*WORK TO BE COMPLETED*. Give again, unaltered, the line with "Натуральное изображение предмета" and all lines that follow it in the listing below, minus any pictures.

──────── DATA PROVIDED ────────

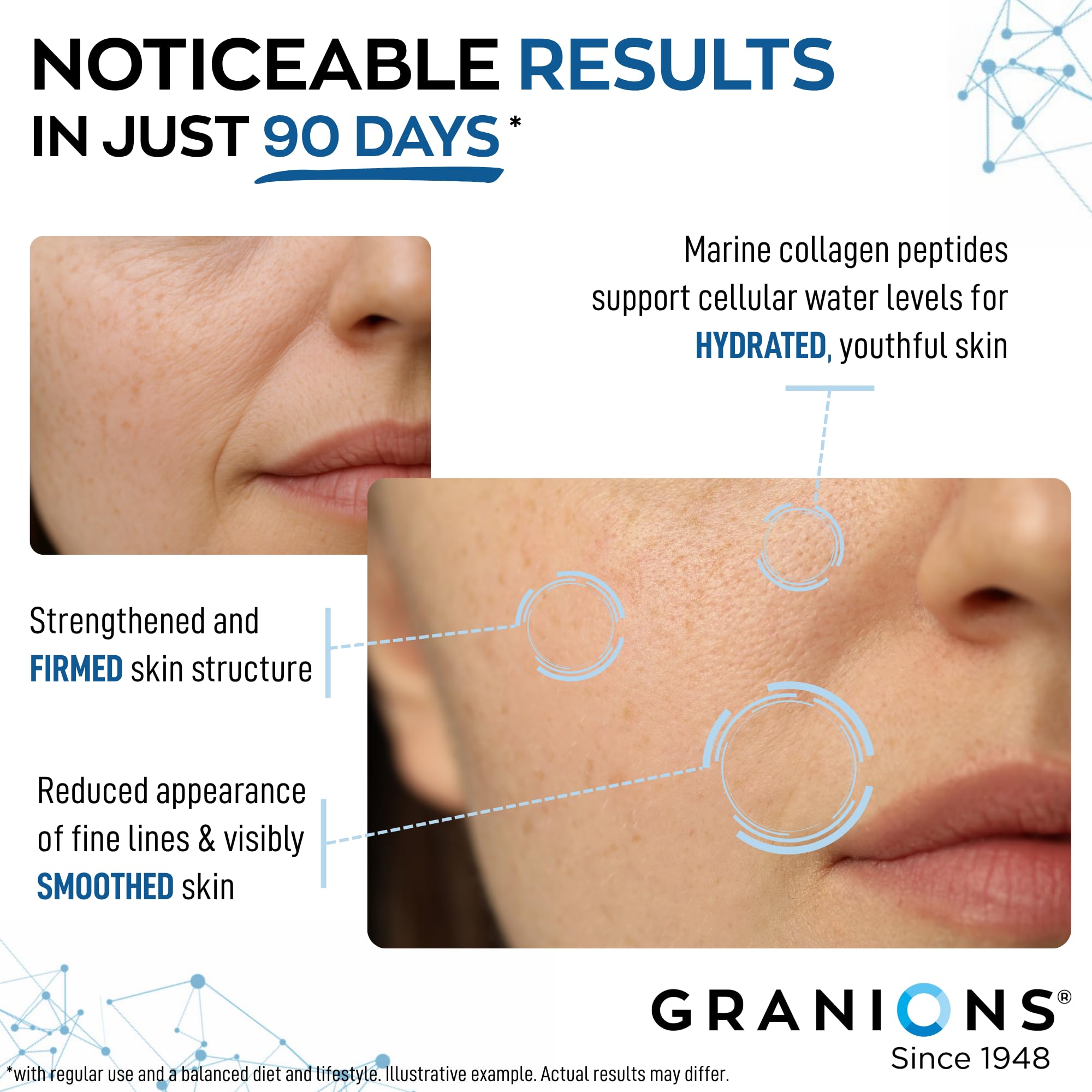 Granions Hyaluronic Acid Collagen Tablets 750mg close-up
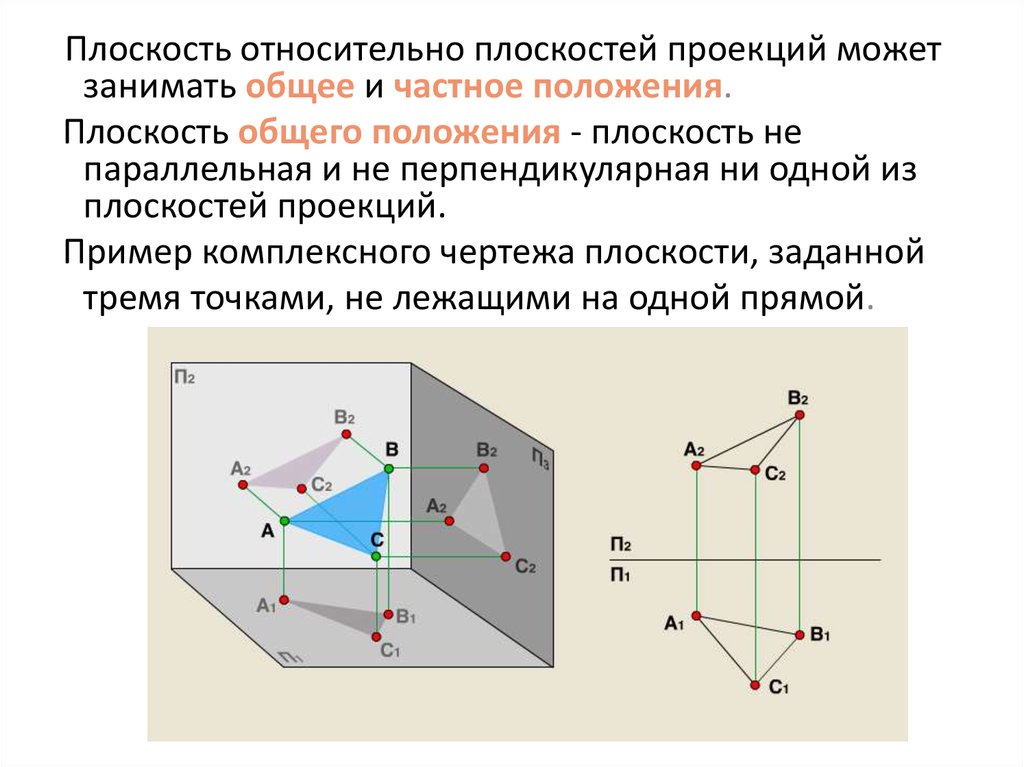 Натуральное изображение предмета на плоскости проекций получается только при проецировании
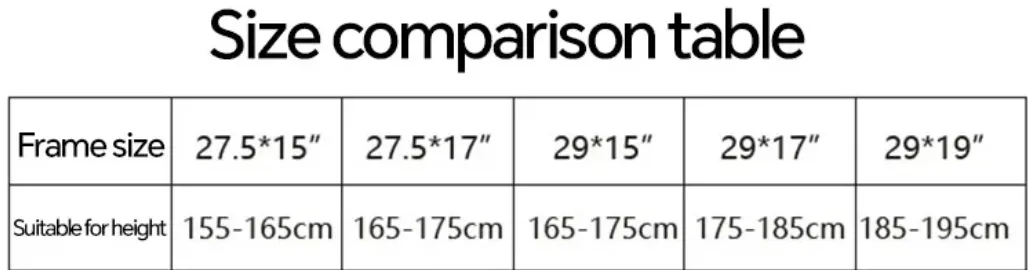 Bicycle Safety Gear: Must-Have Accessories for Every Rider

────────

*RESPONSE TO THE EXERCISE*.
 Натуральное изображение предмета на плоскости проекций получается только при проецировании
 Bicycle Safety Gear: Must-Have Accessories for Every Rider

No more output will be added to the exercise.